3kg(10) = 30 N at left edge, (30)(0.2) = 6 N.m

6 N.m = (mass of board)(10)(0.3)

mass of board = 2kg

 

[ChubbyChaser]

correct but why is it 0.3 lol, i think im missing something big here.. is it because 0.5 would be the center of the board????? and if so is this basically how you would solve most torque problems.

haha i think im clueless when it comes to torques

 

[wcbcruzer]

correct but why is it 0.3 lol, i think im missing something big here.. is it because 0.5 would be the center of the board????? and if so is this basically how you would solve most torque problems.

haha i think im clueless when it comes to torques

oh yes. Whenever you have a long uniform object like a board or rod, you use the center to calculate torque, force, etc. It's like condensing the entire weight of the object at a point in the center. So instead of a board, you can think of it as a ball with mass 2kg connected to the rope and weight by a rigid massless rod.

 

[mshheaddoc]

I had the same question, thanks for asking it!

 

[amar21]

lol i remebmer this questino too

its because you're figuring it out from the center of the board.. at 0.5 m.. so thats how you got the 0.3

 

[ChubbyChaser]

thanks all, that clears up alot of problems cause some of the EK explanations are just crappy!

 

[Genie133]

why is it 0.3 (measured from the 0.2 to the middle) rather than 0.5 (measured from the left end)? why do you start measuring at different points for each of them?

 

[BrokenGlass]

why is it 0.3 (measured from the 0.2 to the middle) rather than 0.5 (measured from the left end)? why do you start measuring at different points for each of them?

You start measuring at the same point, i.e. the point where the rope is attached to the board. The distance from this pivot point to the left end of the board is 0.2m. The distance from this pivot point to the center of the mass of the board is 0.3m. The torques are in opposite directions and you set the 2 torques equal to each other.

 

[Genie133]

You start measuring at the same point, i.e. the point where the rope is attached to the board. The distance from this pivot point to the left end of the board is 0.2m. The distance from this pivot point to the center of the mass of the board is 0.3m. The torques are in opposite directions and you set the 2 torques equal to each other.

ahah...makes sense. thanks!

 

[naphthalene]

Can someone please explain why the pivot point is where the rope is attached? I thought the pivot point can be anything we choose it to be.

 

[eleveneleven]

Can someone please explain why the pivot point is where the rope is attached? I thought the pivot point can be anything we choose it to be.

It doesn't have to be where the rope is attached. If you set the pivot point where the weight is attached, you would have (Tension)(0.2 m.) = (mass of bar)(9.8)(0.5 m.), which would get you the same answer.

You can get an expression for tension from the force equations (T = 3g + mass of bar x g).

 

[naphthalene]

It doesn't have to be where the rope is attached. If you set the pivot point where the weight is attached, you would have (Tension)(0.2 m.) = (mass of bar)(9.8)(0.5 m.), which would get you the same answer.

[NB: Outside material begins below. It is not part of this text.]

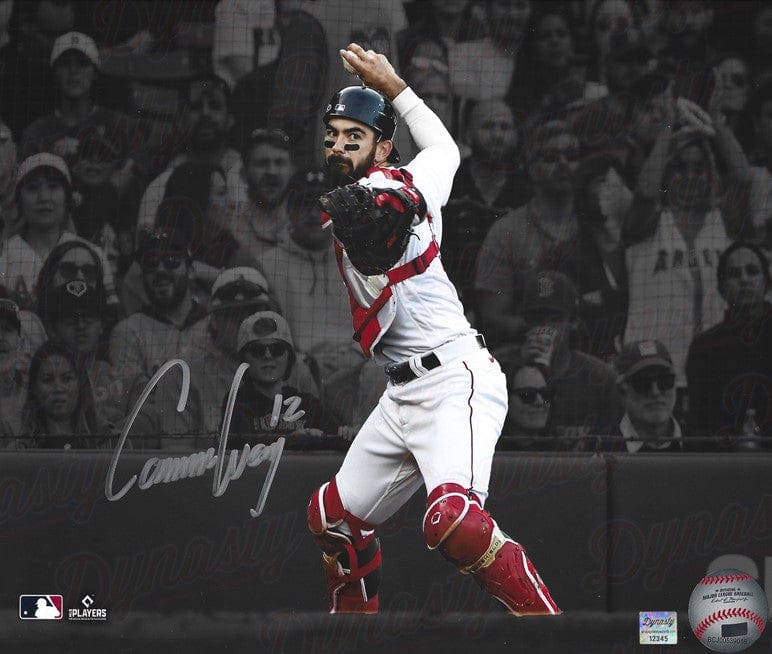 Dynasty Sports & Framing Autographed Baseball Photos Connor Wong Throwing Action Boston Red Sox Autographed 16" x 20" Spotlight Photo - Silver Signature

You can get an expression for tension from the force equations (T = 3g + mass of bar x g).

Do you mean:

T(0.2) = mgd = 3*10*0.5 -->(it's 0.5 and not 1m because we have to choose the center because its uniform density,right?)

Then we solve for T = 75

we know that T= mass of block*g + mass of board*g = 3*10+m*10

Solve for mass of board, and I got 4.5.... 🙁 I'm dumb

 

[bambam02]

Problem has 2 unkowns---> Tension, and Mass of board... therefore we need 2 equations to figure this out.


First--> everything up = everything going down. T= 30N + W

Second, take your moments (torques) about any point on the board... the center of the board is easiest here, and set CCW = CW moments.

30(0.5) = T(0.3)

solve for T --> T=15/.3=50

then solve for W = T-30= 50-30=20N = 2kg


The other way to work this is as a center of mass problem. Clearly the center of mass is where the string is...

so just work it like a sea saw problem. 30N*.2=W*.3
solve for W --> W= 30N(2/3) = 20N = 2kg

Draw a picture if your having trouble with the dimensions

 

[drechie]

can someone explain to me the relationship between pivot point and center of mass?

 

[SN2ed]

Thread closed. These types of questions belong in the MCAT Study Q&A.